Mi padre, una vez terminada la guerra civil, se dedicaba al comercio frutero. Solía vender en los pueblos vecinos de la provincia de Valencia (las dos algimias, Torres Torres, Estivella, Albalat dels Taronchers, etc) los productos inapreciables de la vega segorbina y en los pueblos citados compraba en rama la excelente uva moscatel que revendía en el mercado de Segorbe. Con este motivo le acompañé varias veces. Aquellos viajes me descubrieron a otros valencianos, con los que mi padre mantenía relaciones muy cordiales, que hablaban una lengua distinta a la nuestra. Una lengua entrañable, familiar, afectiva.
Mi padre, aunque conocía medianamente bien el valenciano, hablaba siempre en castellano. Sus amigos de Torres Torres o de Estivella, utilizaban el valenciano o el castellano, según las veces. Sin problemas. Todo en un clima de normalidad. Fenómeno que se sigue repitiendo actualmente. Tengo amigos entrañables que siempre me hablan en valenciano y yo siempre les contesto en mi lengua natal. Como entonces, en un clima de normalidad. Sin problemas.
Y este es el clima general en el pueblo. Un mestizaje lingüístico amable nada reivindicativo ni agresivo. Ninguna lengua de nuestro bagaje cultural es excluyente ni excluida. Además, la propia actitud de muchos profesores y alumnos recogen esta pluralidad. Recientemente un buen amigo que estrenaba cargo oficial asistió al acto inaugural de la Universidad “Jaime I”, me comentaba desconcertado sus impresiones. Todo el protocolo y ritual universitario, según los cánones oficiales y burocráticos, estuvo marcado por un cerrado catalanismo, en muchos aspectos forastero a nuestra propia tradición cultural. La sorpresa de este amigo fue grande cuando en el vino de honor posterior, de repente, despareció aquel rígido y monolítico catalanismo y se impuso la amable cordialidad del pluralismo. Del real mestizaje cultural de la sociedad de Castellón.
Basta asistir a un encuentro de fútbol en el “Castalia”, preguntar a los jóvenes sobre la lengua que utilizan en los bares de copas o en las discotecas, para darse cuenta a que años luz se encuentran ciertos políticos cuando no tuvieron reparos intelectuales en redactar en el artículo segundo de la ley 4/ 23.11.1983 que el valenciano era la lengua propia de la Comunidad Valenciana. Así, por las buenas, vinieron a decirnos que la lengua materna y habitual de ciento cuarenta y cuatro municipios valencianos no era una lengua tan propia y valenciana como la otra. Aunque, ciertamente, nos daban la limosna de que a pesar de no hablar el valenciano, no seriamos tratados como extraños en nuestra propia tierra.

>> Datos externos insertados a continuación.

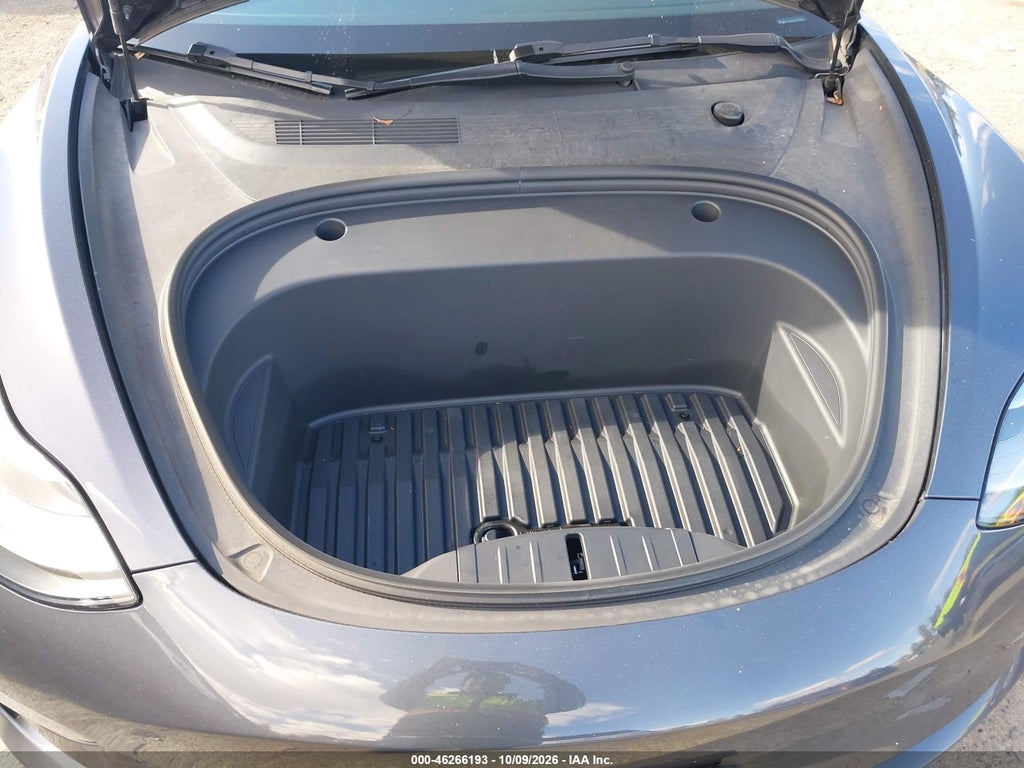 2022 Tesla Model 3 Long Range Dual Motor ALL-Wheel Drive photo 10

Metidos en esta tergiversación tanto histórica como cultural, el bueno de Joan Fuster –el intelectual mimado del pancatalanismo y que antaño era conocido como Juan de la Cruz- cuando en su obra publicada en el año 1962, titulada “Nosaltres els valencians”, se encara con la substantividad valenciana, no sabe como resolver el problema de nuestra innegable dualidad cultural y acaba por decirnos que los valencianos cuya lengua propia es el castellano, en realidad somos anexos sin importancia. Es decir que no contamos nada y poco tenemos que decir.

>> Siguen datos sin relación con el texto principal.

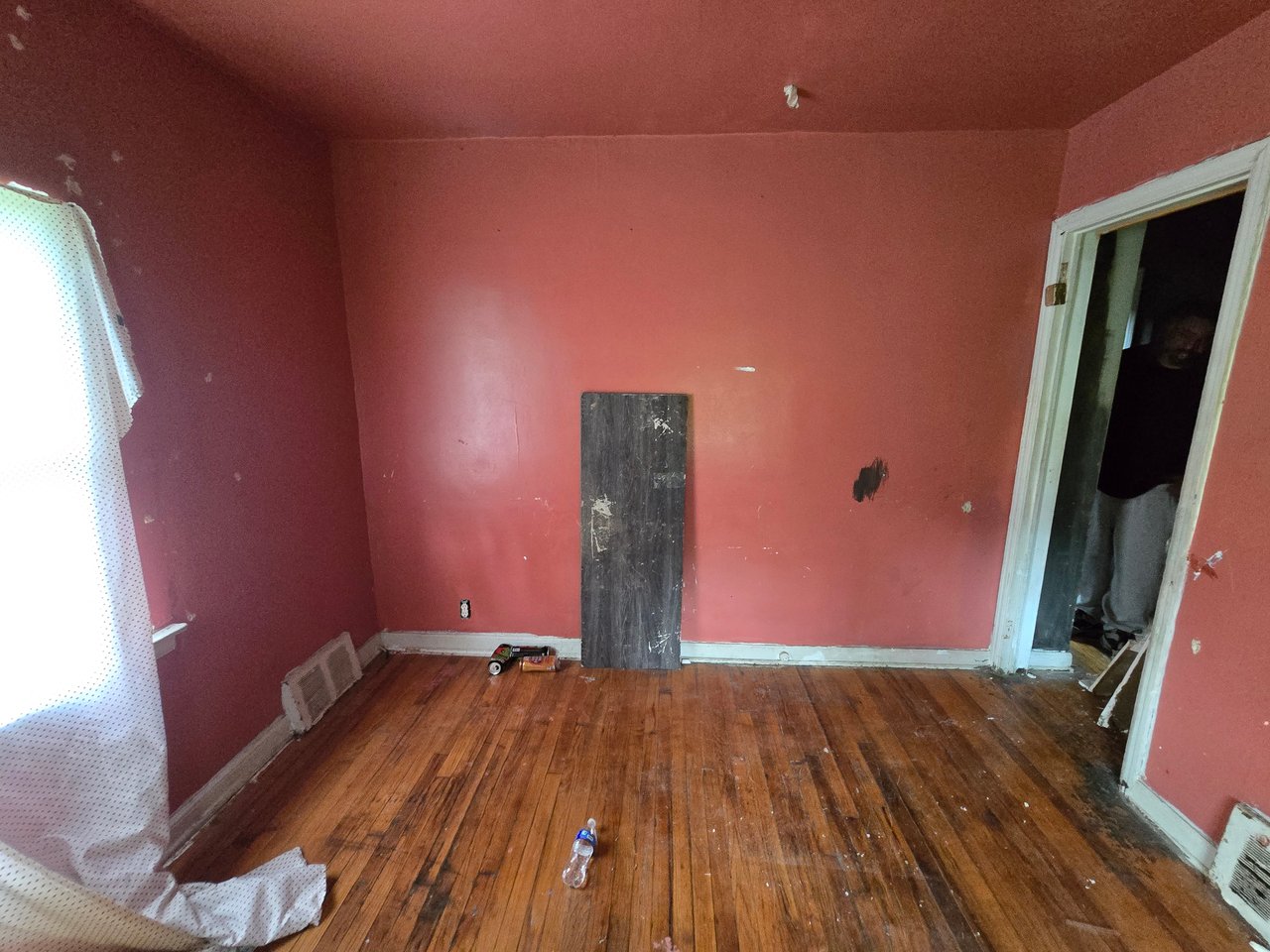 414 W Eldridge Ave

No reconocer el mestizaje cultural, como hace Joan Fuster y muchos intelectuales catalanistas, es grave. Pero la gravedad se dilata y enrarece cuando sobre la lengua se edifica el concepto de nación. La única nación de los fantasmales “Paisos catalans”. Paises dotados de una soberanía propia y con derecho a la autodeterminación.
El corolario es evidente: cuando la lengua se utiliza como instrumento de separación surge el conflicto. Y esta lengua deja de ser popular para quedar fosilizada en los protocolos oficiales, como sucede actualmente. El peor servicio que se puede prestar a la entrañable lengua valenciana.